DATA SUPPLIED:
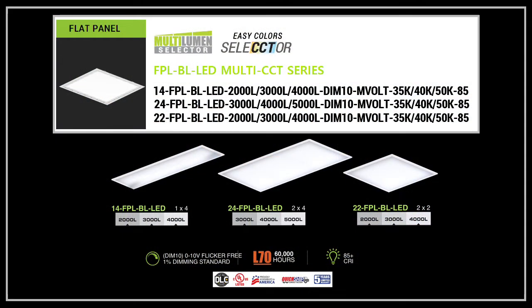These flat panels are offered in 1x4, 2x2, and 2x4. They are UL and DLC listed and proudly assembled in America. They are also part of Elite's quickship program.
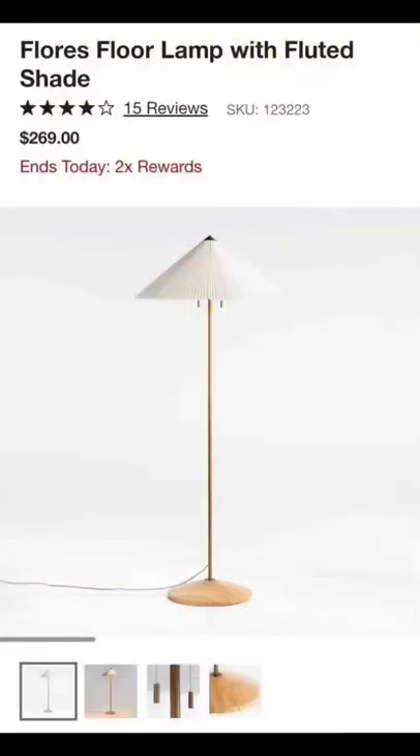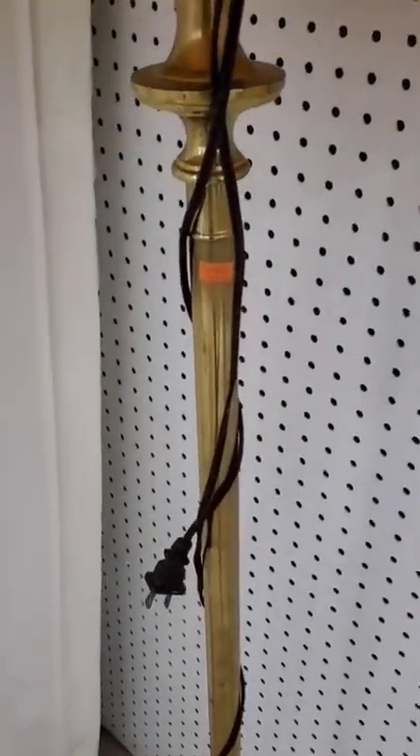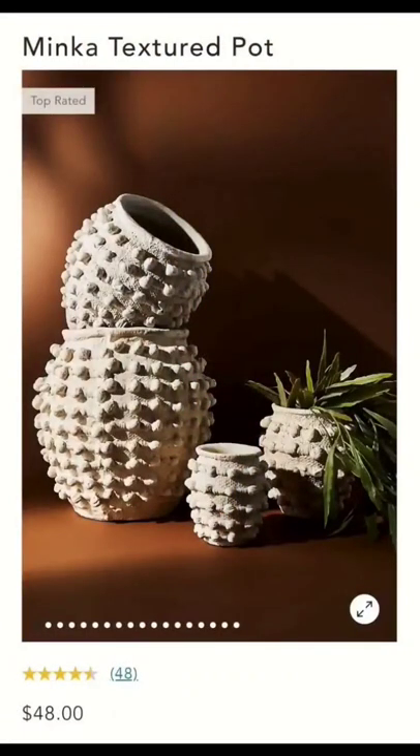I've been drooling over the CB2 floor lamp, and although this one that I found isn't nearly as awesome, for $4 you might be able to DIY it. And last but not least, this may be the best $3.99 dupe.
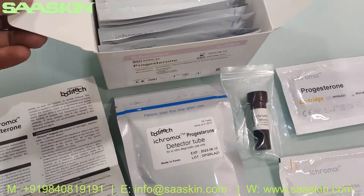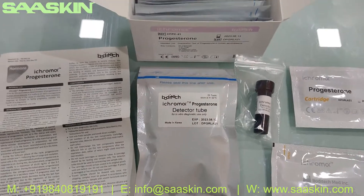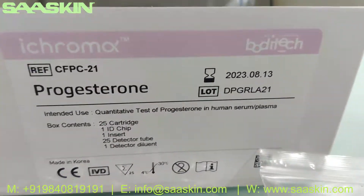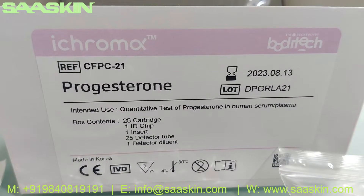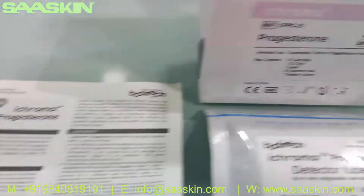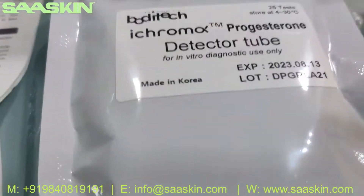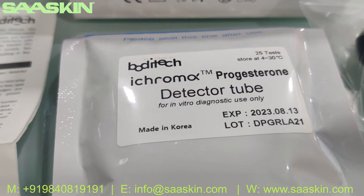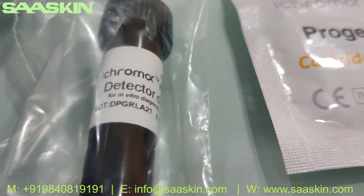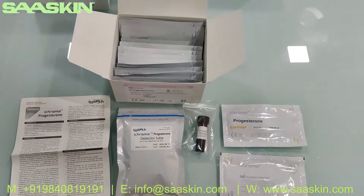To give you a quick summary: this kit has to be used along with the iCHROMA2 analyzer instrument. This is the iCHROMA 25-test kit pack for the PROGESTERONE test in human serum and plasma. It contains 25 test kit cartridges, an IFU brochure which is a complete instruction manual, one ID chip, 25 detector tubes, the test cartridges, and one detector diluent buffer. This is the complete test kit.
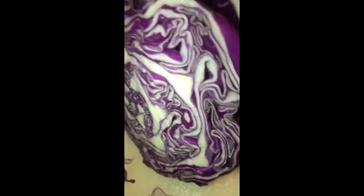When you're in the store shopping for cabbage, go for the purple one. Purple is alkaline. There's way more nutrients in this than regular old cabbage. Believe me.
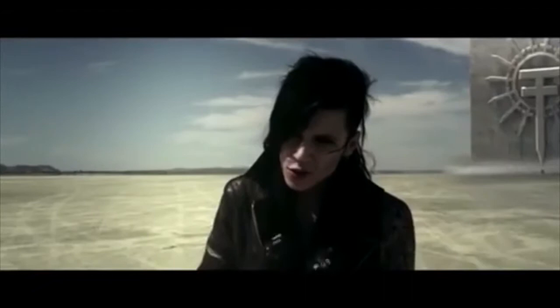Lost It All is one of the songs that I'm most proud of that Black Veil Brides has ever been involved in. It's a very strange song in terms of where it goes.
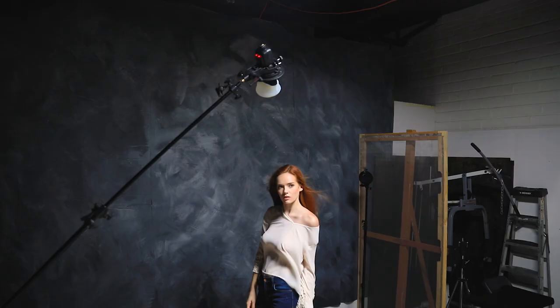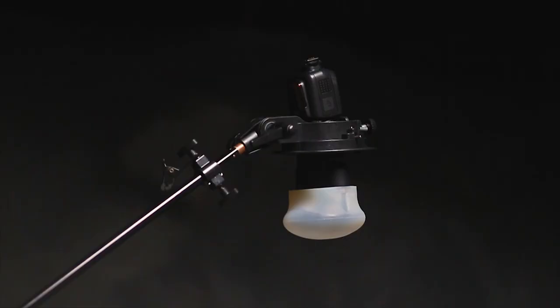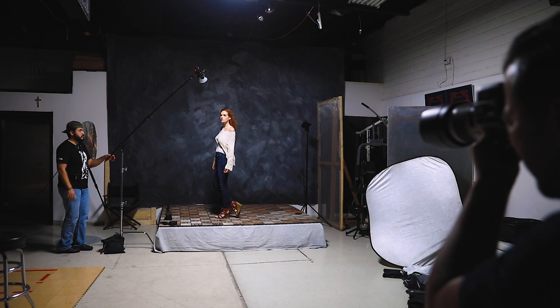So before MagMod, I used to carry a ton of gear, a ton of diffusers, a ton of different pieces. Now my shoot kit is a lot smaller, a lot lighter, and it's not as cumbersome as it was before. Being able to switch from one thing to the other has also become a lot easier.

PROMPT: Copy all the records above exactly, but leave out the pictures.

TASK OUTPUT:
These flat panels are offered in 1x4, 2x2, and 2x4. They are UL and DLC listed and proudly assembled in America. They are also part of Elite's quickship program.
I've been drooling over the CB2 floor lamp, and although this one that I found isn't nearly as awesome, for $4 you might be able to DIY it. And last but not least, this may be the best $3.99 dupe.
To give you a quick summary: this kit has to be used along with the iCHROMA2 analyzer instrument. This is the iCHROMA 25-test kit pack for the PROGESTERONE test in human serum and plasma. It contains 25 test kit cartridges, an IFU brochure which is a complete instruction manual, one ID chip, 25 detector tubes, the test cartridges, and one detector diluent buffer. This is the complete test kit.
When you're in the store shopping for cabbage, go for the purple one. Purple is alkaline. There's way more nutrients in this than regular old cabbage. Believe me.
Lost It All is one of the songs that I'm most proud of that Black Veil Brides has ever been involved in. It's a very strange song in terms of where it goes.
So before MagMod, I used to carry a ton of gear, a ton of diffusers, a ton of different pieces. Now my shoot kit is a lot smaller, a lot lighter, and it's not as cumbersome as it was before. Being able to switch from one thing to the other has also become a lot easier.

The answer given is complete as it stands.